▸ PROBLEM TO SOLVE:
Copy nothing but the lines from the one containing "Pirate Tennis Skull & Racquet Mug" through the last line of the records, repeated exactly and without pictures.

▸ EXTRACTED ENTRIES:
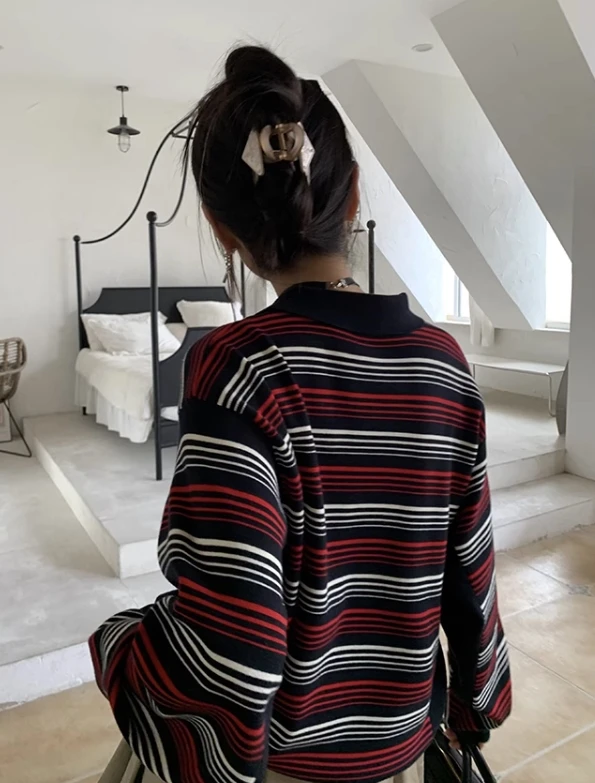 Black And Red Striped Polo Shirt | Jake - Enhypen 7 Black And Red Striped Polo Shirt | Jake - Enhypen - Image 5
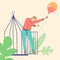 Illustration demonstrating sense of freedom. Man with balloon leaving cage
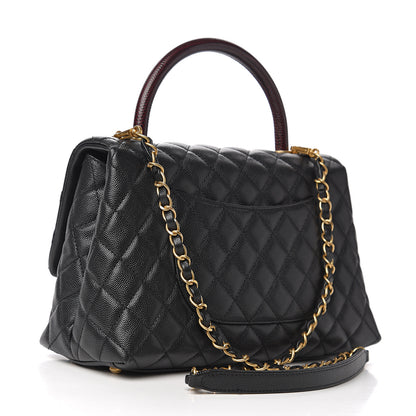 Chanel Caviar Lizard Embossed Quilted Small Coco Handle Flap Black 3 of 11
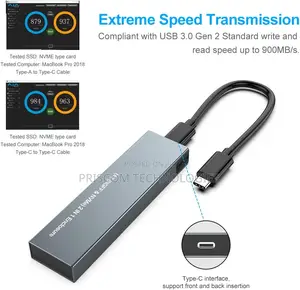 M.2 NVME SSD Enclosure Clip Type Aluminum NVME External Har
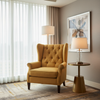 Woven Linen Weave Goldenrod Yellow Upholstered Chair | Architectural Fabrics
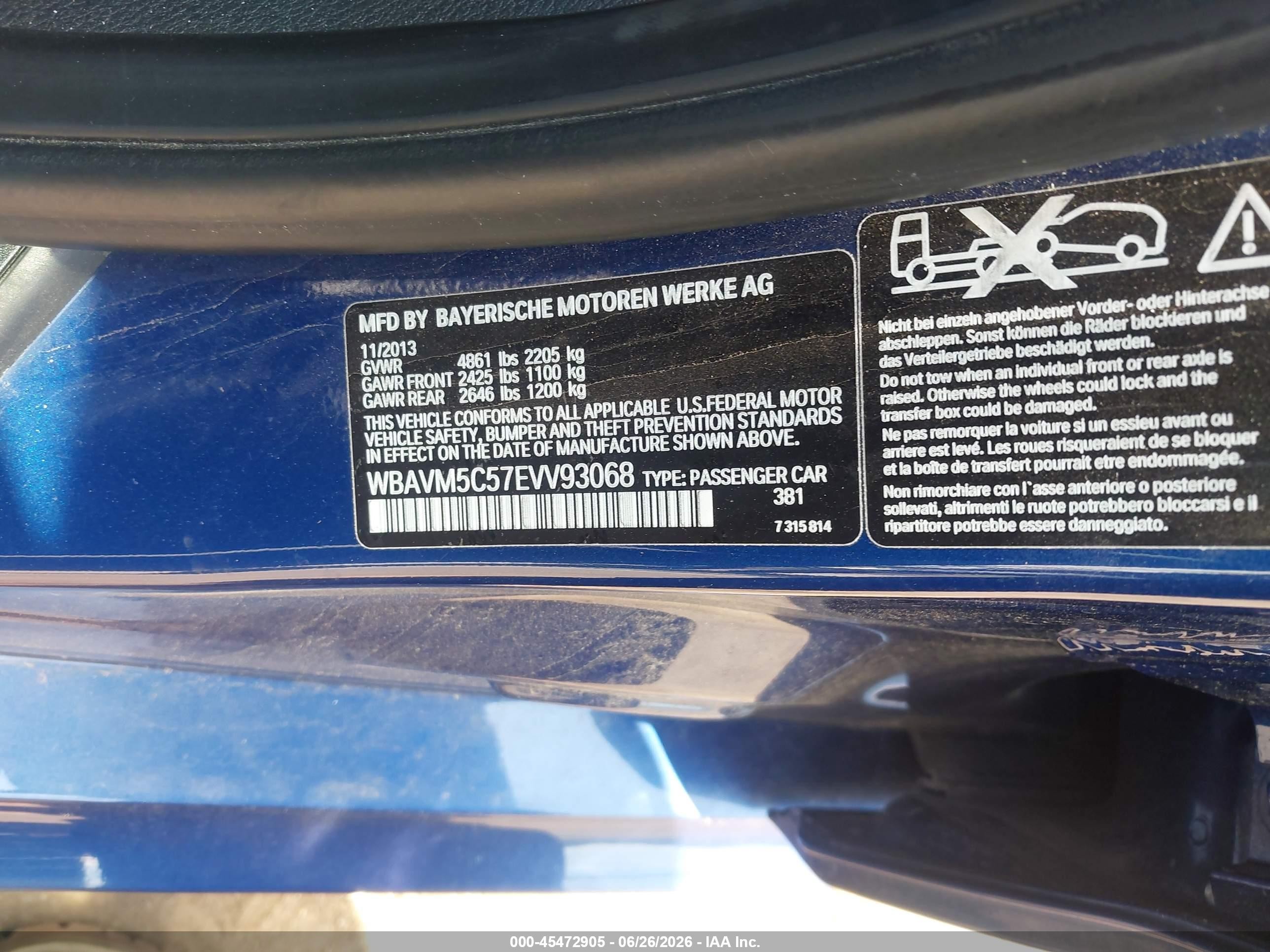 2014 Bmw X1 Xdrive35i Синий vin: WBAVM5C57EVV93068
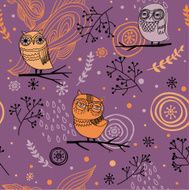 Cute colorful floral seamless pattern with owls N3
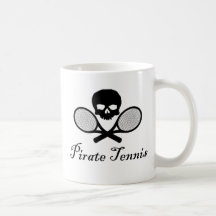 Pirate Tennis Skull & Racquet Mug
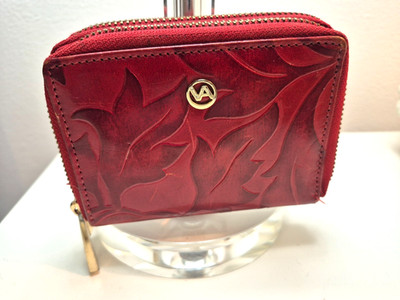 VALENTINA Red Leather Clutch Wallet Italy Embossed Tulip Leaf Pattern Zip Bag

▸ EXERCISE RESPONSE:
 Pirate Tennis Skull & Racquet Mug
 VALENTINA Red Leather Clutch Wallet Italy Embossed Tulip Leaf Pattern Zip Bag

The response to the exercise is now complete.